Sainte Thérèse de l’Enfant Jésus et de la Sainte Face, plus connue dans le monde entier sous le vocable de Thérèse de Lisieux, ou petite Thérèse, a été désignée par le Pape Pie X comme « la plus grande sainte des temps modernes ». Mais qu’a-t-elle donc fait, cette petite carmélite, pour mériter un tel éloge ?

À proprement parler, rien. Ou très peu. Née à Alençon en 1873, grandie à Lisieux après le décès de sa mère alors qu’elle n’a que quatre ans, elle entre au carmel de Lisieux en 1888 et y meurt de la tuberculose neuf ans plus tard, à même pas 25 ans. Pas le temps d’accomplir des exploits extraordinaires, ni d’écrire des sommes théologiques, ni de fonder des congrégations ou des séminaires. La vie cachée d’une carmélite, avec ses joies simples et ses soucis quotidien ; pas de quoi fouetter un chat. Et pourtant, voilà une jeune femme qui n’a jamais ou presque quitté sa Normandie et qui est patronne universelle des missions ! qui n’a écrit que le récit de sa vie et quelques poèmes et récréations pieuses, et qui se retrouve docteur de l’Église ! qui meurt ignorée de tous dans un obscur carmel de province, et dont les reliques font aujourd’hui le tour du monde et attirent des foules innombrables !
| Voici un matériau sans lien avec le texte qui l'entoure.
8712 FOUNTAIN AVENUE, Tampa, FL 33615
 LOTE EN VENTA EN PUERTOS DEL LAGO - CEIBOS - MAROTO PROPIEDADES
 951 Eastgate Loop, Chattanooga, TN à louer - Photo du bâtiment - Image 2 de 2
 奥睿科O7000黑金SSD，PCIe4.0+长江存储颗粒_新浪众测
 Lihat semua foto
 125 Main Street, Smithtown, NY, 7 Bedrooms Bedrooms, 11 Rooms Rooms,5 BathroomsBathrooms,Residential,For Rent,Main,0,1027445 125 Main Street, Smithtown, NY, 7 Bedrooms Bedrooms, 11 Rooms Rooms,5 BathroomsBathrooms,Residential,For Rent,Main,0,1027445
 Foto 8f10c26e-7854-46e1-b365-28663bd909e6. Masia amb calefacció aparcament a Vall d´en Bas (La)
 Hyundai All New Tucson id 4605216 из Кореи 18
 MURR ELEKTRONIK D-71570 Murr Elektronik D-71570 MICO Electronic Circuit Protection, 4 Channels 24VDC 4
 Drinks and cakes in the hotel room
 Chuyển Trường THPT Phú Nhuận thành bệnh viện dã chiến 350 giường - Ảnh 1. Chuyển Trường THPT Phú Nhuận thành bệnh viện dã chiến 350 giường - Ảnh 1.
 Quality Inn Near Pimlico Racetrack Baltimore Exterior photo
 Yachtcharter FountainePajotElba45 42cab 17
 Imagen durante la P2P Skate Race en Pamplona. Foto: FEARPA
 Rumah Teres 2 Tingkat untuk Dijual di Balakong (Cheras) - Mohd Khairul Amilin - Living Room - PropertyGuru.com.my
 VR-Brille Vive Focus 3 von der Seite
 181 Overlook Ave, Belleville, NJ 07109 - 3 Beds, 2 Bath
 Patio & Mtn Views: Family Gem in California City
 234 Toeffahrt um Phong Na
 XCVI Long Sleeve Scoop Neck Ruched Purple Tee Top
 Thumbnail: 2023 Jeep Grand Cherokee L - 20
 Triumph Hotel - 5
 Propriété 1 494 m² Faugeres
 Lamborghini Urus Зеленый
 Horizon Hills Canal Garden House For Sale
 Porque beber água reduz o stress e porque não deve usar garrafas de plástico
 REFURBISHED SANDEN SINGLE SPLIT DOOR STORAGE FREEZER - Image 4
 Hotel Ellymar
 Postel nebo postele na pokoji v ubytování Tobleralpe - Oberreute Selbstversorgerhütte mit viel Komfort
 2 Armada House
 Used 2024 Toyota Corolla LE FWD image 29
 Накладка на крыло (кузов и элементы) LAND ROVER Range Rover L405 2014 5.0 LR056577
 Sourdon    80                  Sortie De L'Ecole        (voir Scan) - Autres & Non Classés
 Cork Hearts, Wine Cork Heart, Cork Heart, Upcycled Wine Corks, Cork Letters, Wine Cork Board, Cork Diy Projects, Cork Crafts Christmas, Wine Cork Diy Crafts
Cette simplicité apparente, à la limite du gnangnan, c’est précisément sa grandeur. La doctrine de Thérèse, c’est la confiance et rien que la confiance. Facile me direz-vous ? Essayez un peu, pour voir !  

Tout est grâce !

Tout est grâce, dit-elle. Oui, tout est grâce, y compris notre pauvreté radicale, y compris notre faiblesse, y compris nos fautes. Tout est grâce, à condition de faire appel à Dieu, de s’appuyer sur lui dans le bonheur comme dans le malheur ; tout est grâce à condition de reconnaître notre incapacité à avancer seul, de renoncer à atteindre le surnaturel par des moyens naturels. Tout est grâce, à condition d’avoir l’audace de désirer la sainteté, et pour cela, de « ne faire valoir  devant Dieu que la faiblesse radicale et la pauvreté spirituelle d’une créature pécheresse » (Pie XII).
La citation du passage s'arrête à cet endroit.